En El Bulli hay una cuenta que lleva un año sin ser pagada. La espantada que aquí protagonizó un conocido gourmet fue el misterio del verano. En El Bulli todavía no se han olvidado de Pascal Henry, al que se llegó a dar por muerto y que estuvo dos meses desaparecido.

Llegar a El Bulli no resulta nada fácil. No está en el centro de Roses y la carretera es de pastillas contra el mareo para disfrutar de las vistas del parque natural y el olor a mar. Ya en El Bulli no hay quien aparque si no tienes reserva, así que sigo hasta la cala.

Los turistas suben de la playa para hacerse fotos en bikini junto al cartel. A los cinco minutos uno se da cuenta de que todas las fotos son iguales. Debajo de El Bulli está la cala de Montjoi. El agua está llena de barcos que fondean a escasos metros de la arena. Un desembarco constante de piraguas y kayak arruinan cualquier proyecto de relax junto al mar.

El submarinismo es el servicio estrella para los visitantes. Se confirma que ninguna figura se ve favorecida por el neopreno. Es plena temporada alta pero aquí no hay problemas para reservar.

Un grupo de ocho buggies hace una parada en la entrada del restaurante. Los conductores, casi todos franceses, llegan llenos de polvo de las rutas del parque natural. Un guía, con micrófono a lo Madonna, les habla de Ferran Adriá.

Es mediodía y no abren hasta la cena. Después de un camino tan largo apetece entrar. Tengo que ver el menú, aunque me haya puesto a dieta. Hay que intentarlo por la parte de atrás del restaurante. Un pescadero ofrece cobertura. Lleva cuatro kilos de pepinos de mar (a 98 euros el kilo oiga) y otros cuatro de orejas de mar (a 94 el kilo).

En la puerta de servicio se agolpan seis bombonas de 220 litros de nitrógeno líquido. Alguien le está dando salida a ritmo de elixir. Entre las bombonas van pasando los 45 empleados. 45 personas para 50 clientes. Todo parece desproporcionado aquí.

Es pronto y Eduard Xatruch puede dar la bienvenida con calma. Es uno de los tres jefes de cocina. Joven, delgado y sin una mancha en el mandil que lleva su nombre. Ya que no hay mesas prefiero evitar la envidia. Son 35 platos. Me conformo con saber cómo empieza y cómo acaba. El primero es un cóctel de cañas de azúcar, mojito y caipiriña. El último, una degustación de 22 tipos de chocolate.

Más disgustado está el jefe de sala. A Lluís García no le gusta que le pregunten por el simpa que se marcó Henry. Me queda claro que el dinero no es lo primero. Dice que todavía está esperando a que el suizo les llame y les dé señales de vida. Que esté tranquilo que no piensan reclamarle los 300 euros de la cena.

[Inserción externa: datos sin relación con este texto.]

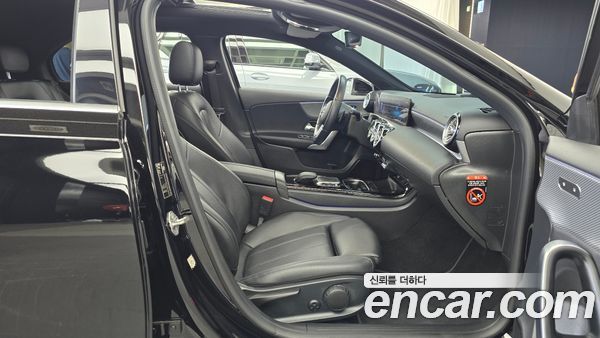 Mercedes-Benz A-Class 2021, фото 16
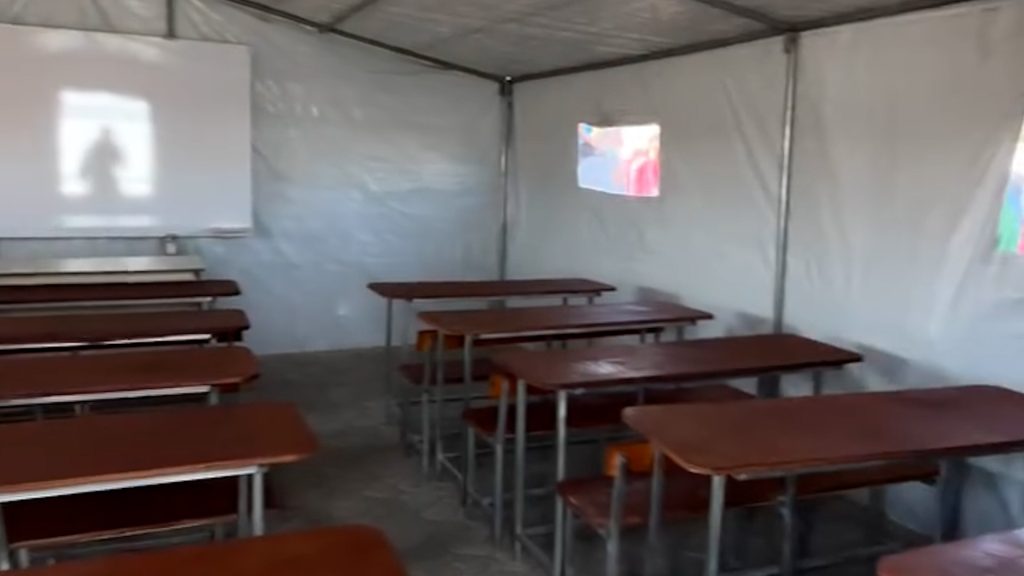 مشاهد من افتتاح أول مدرسة داخل مخيمات الإيواء جنوبي غزة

Bajando la Costa Brava con el estómago vacío aparece Empuriabrava, un proyecto faraónico venido a menos. Las inmobiliarias francesas y alemanas venden el producto como la Venecia española. Alguien debió pensar que adaptar el modelo de canales de Miami al sistema de explotación turística española generaría un potosí. Los únicos que prosperan ahora son los mosquitos.

Los empresarios locales añoran los viejos tiempos. Cuando Onassis llegaba con su yate, el Christina, o cuando entre los propietarios se encontraba Elton John. Ahora los metros de eslora se amontonan en los megaconcesionarios de la entrada del conjunto de canales. En todas las calles hay anuncios de venta. Y los visitantes se pasean pero apenas consumen.

Arturo, dueño del café del puerto sabe quién tiene la culpa: los negros y los moros. La venta ambulante está prohibida en toda la zona, pero Arturo que sería de los favoritos en un certamen a hostelero más fascista de España le tienen harto. Ellos y los catalanes, que según este navarro quieren más a los inmigrantes que a los españoles. El negocio ha bajado un 40%. A sus 59 años Arturo lo ve todo negro. Tanto que teme que los españoles como él tengan que volver a emigrar a Francia.